[Data provided]

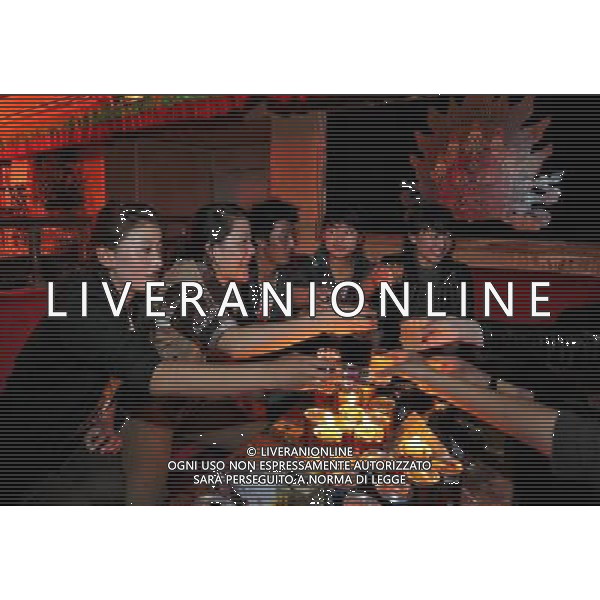 LHASA, May 9, 2011 A group of young people gather at the Niwei Langma Hall in Lhasa, capital of southwest China\'s Tibet Autonomous Region, early May 7, 2011. It was 10:30 p.m. in Lhasa. Although most of the shops and restaurants were about to close, Niwei Langma hall was just warming up. Colorful spotlights illuminated the huge backdrop painting of the Potala Palace on the stage, while delightful Tibetan melody echoed around the hall. Guests were arriving in pairs or groups and quickly filled up the entertainment place. Dainzhencao, a newcome dancer, was busy dressing herself for the opening performance. She couldn\'t stop feeling nervous until she made sure her make up, costumes and decorations were all done, as she just danced this piece for a few times. However, at another dressing room, the experienced dancers were in an easy mood, as some were playing cell phone games, gossiping, and even knitting. The word \'Langma\' in Tibetan language means courtly performance, which in the past was only an entertainment for Tibetan traditional aristocracy. However, the present langma hall eventually evolved into a place of part bar, part folk concert hall and part ballroom, where common Tibetan people go for relaxation and gathering. Since the first such place opened in the mid 1990s, Langma halls soon became quite popular all over Tibet and emerged one after another in a short time. Today, Niwei is one of the biggest Langma halls in Lhasa. Its owner Gyaebo, who used to be a famous tap dancer in Lhasa, runs four langma halls of his own. All of his langma halls perform traditional Tibetan songs and dances, but in order to cater to different taste of customers, two langma halls emphasize on modern, western dance and even disco, while the others focus on Tibetan \'guozhuang\' and tap dance. There are more than 50 actors in Niwei Langma Hall, more than half of whom are at their 20\'s. They usually work for 5 6 hours per day, and attend two hour long rehearsals Scene di vita a Lhasa AG. ALDO LIVERANI SAS ITALY ONLY *** Local Caption *** .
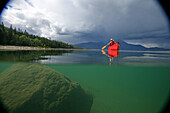 Vignetted Underwater Image of a Man Canoeing on Kusawa Lake, Yukon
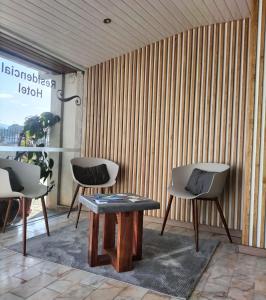 a room with two chairs and a wooden wall at Anoitecer Itinerante AL - antiga residencial o garfo in Ponte de Lima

[/Data provided]

Could you transcribe exactly the lines from the one with "Vignetted Underwater Image" through the end of the data, both ends included, and nothing else, skipping the pictures?

 Vignetted Underwater Image of a Man Canoeing on Kusawa Lake, Yukon
 a room with two chairs and a wooden wall at Anoitecer Itinerante AL - antiga residencial o garfo in Ponte de Lima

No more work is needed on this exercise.